Pavesi said that as a third-party manager, some RKW clients have shown resistance to using a pod of five communities with one assistant manager supporting all five.
“They say, ‘If you use a shared leasing staff, how do I know my assets will get the same attention as the others?’ Pavesi said. “They want to make sure the team is leasing their units out of their property.”
Additionally, she said, “Our clients notice that we’re adding more technology, adding costs, and not reducing headcount.”
Onsite staff are kind of nervous about the whole process and computers replacing person’s jobs, panelists said.
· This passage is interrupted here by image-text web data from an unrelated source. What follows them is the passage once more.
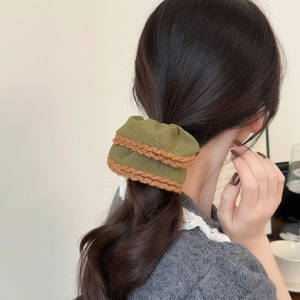 Green knitted scrunchie with brown trim shown on a ponytail with a knit sweater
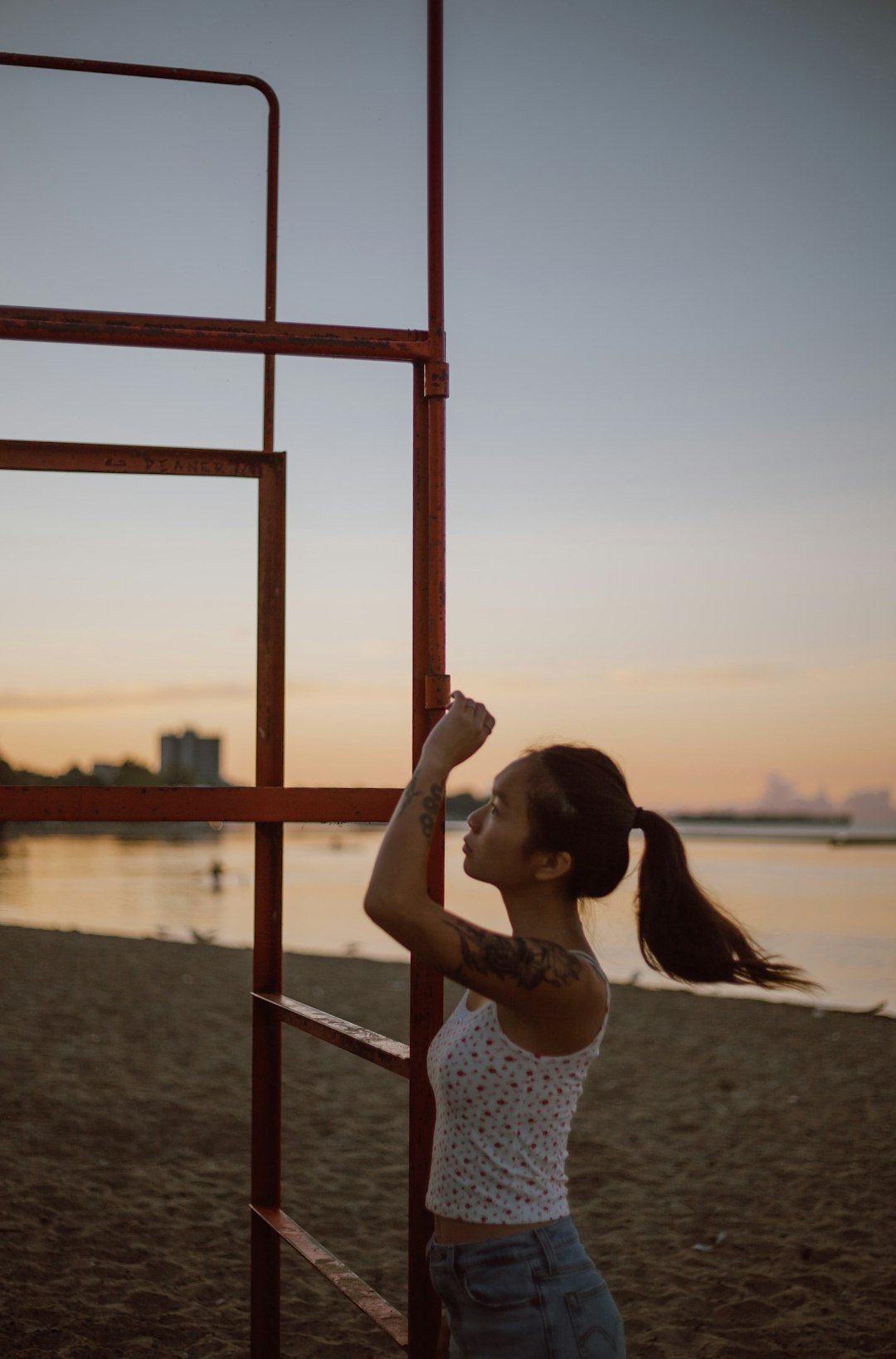 woman in white and blue floral tank top leaning on brown wooden railings during sunset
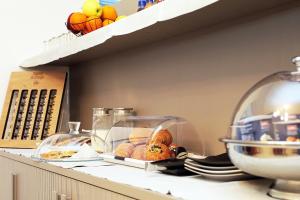 a shelf with a bowl of bread and fruit on it at Residenza del Centro in Fabriano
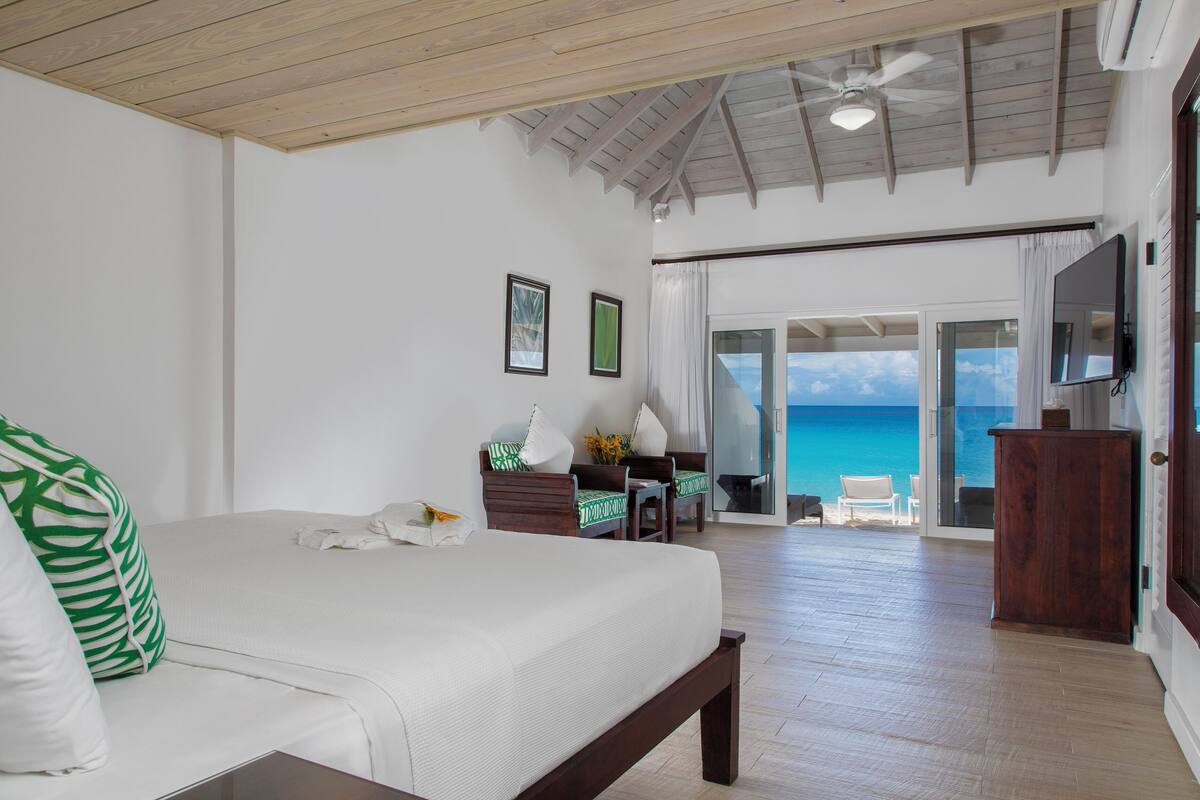 A bedroom with a large bed, a ceiling fan, and a view of the ocean through a sliding glass door.
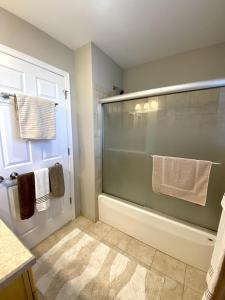 a bathroom with a shower and a bath tub with towels at Family Friendly Vacation Rental On Lbi in Beach Haven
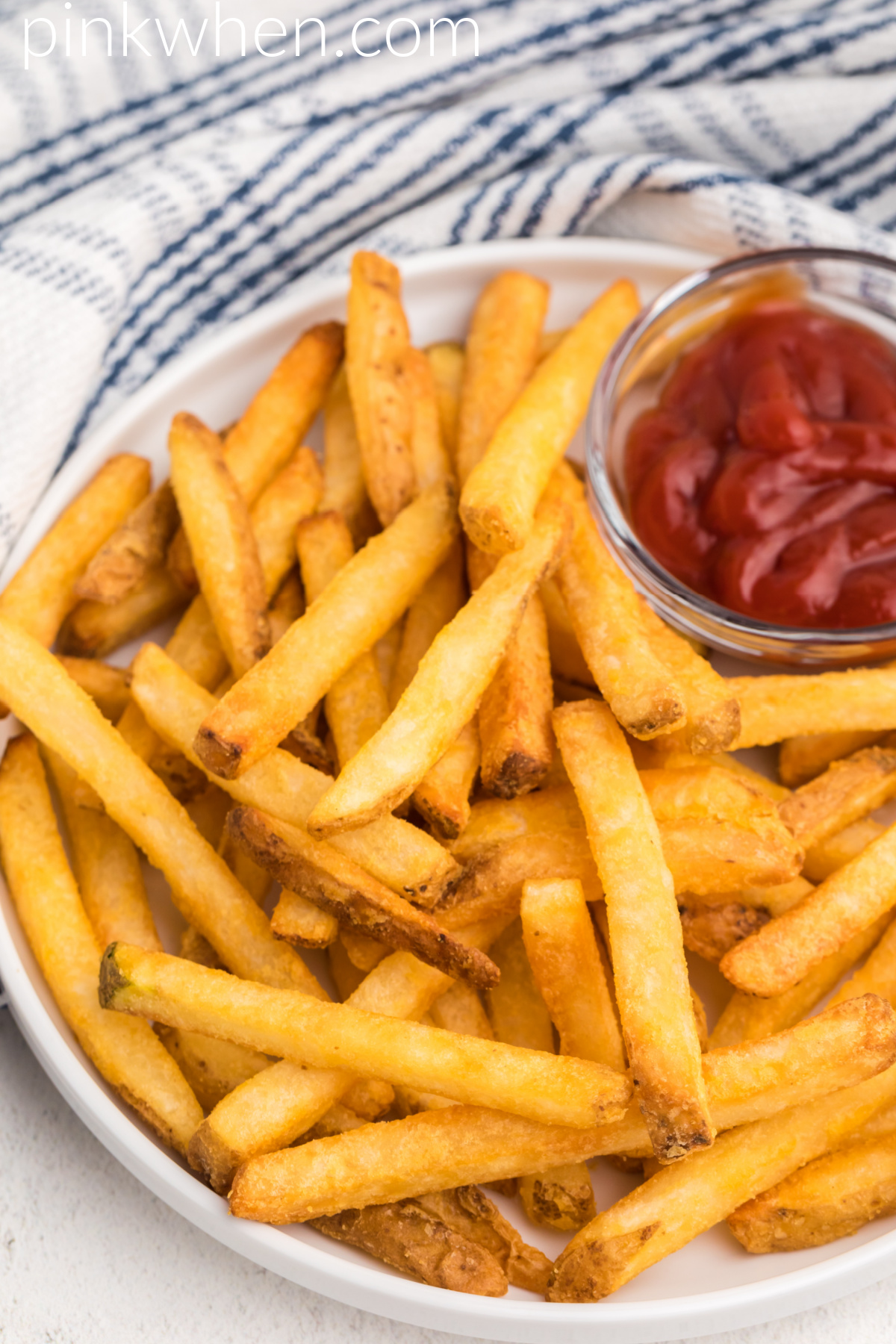 Plate of french fries on a white plate made in the air fryer and ready to serve.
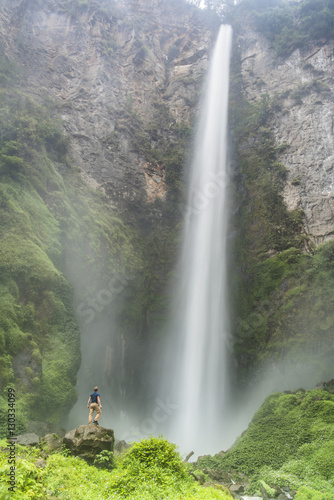 Tourist at 120m Sipisopiso Waterfall, Lake Toba (Danau Toba), North Sumatra, Indonesia photo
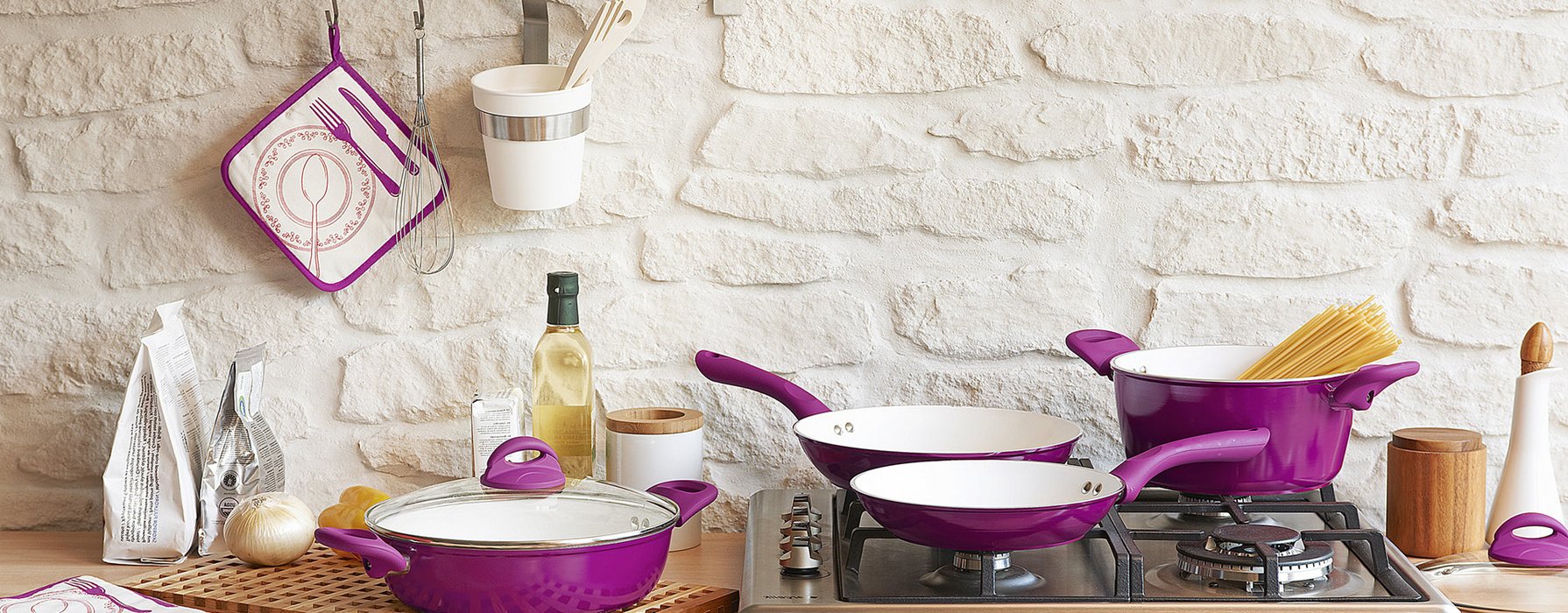 Different pans and pots are draped in a kitchen. They are in different sizes coated in purple on the outside and white on the inside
Pavesi said, “We’re foolish to think that there won’t be reduced staffing. But the crème rises to the top, and there’s the chance to make more money and work from home.”
Klug said it’s not about replacing people, “It’s about getting more out of your people.”
Kosmider cautioned supplier partners from presenting their products by saying, “‘Hey, use our technology and you can fire three of your people.’ Let’s remember, you cannot automate everything.”
More Interesting Comments:
- Pavesi said there are ways to make the case to clients about centralization’s value, such as it leads to more tours being scheduled and that it enables them to retire our shops program because her virtual leasing assistant was getting 100 scores when they were shopped.
- Kosmider insists that his company regularly checks its automated systems. “Are they all working?” he said rhetorically. “As operators, we tend to move on to the next thing. You need to monitor and continue to optimize your process.”
- Progress over Perfection is Kosmider’s mantra. “Having a goal of perfection can put undue pressure on your team and your supplier partners,” he said. “Instead, try to reach scores in the high 80s, however, you choose to set up your KPIs and then keep working to tweak and improve them. It’s okay to fail.”
- Greystar’s Lynn Klug Greystar launched its Ltd brand, meant to minimize expenses to ensure competitive rents by giving renters the technology they prefer, all automated. “It’s self-service to the max,” she said. “Research, develop, test, adjust.”
Here is the marketing language Greystar tested:
Rent increases suck. So, we capped them.
Tired of crazy rents? Same.
Renting sucks. It doesn’t have to.
No Salesperson. No Hassle. No. Seriously.
People frustrating you? We get it. Try tech-driving renting.
Renting that is quicker than takeout.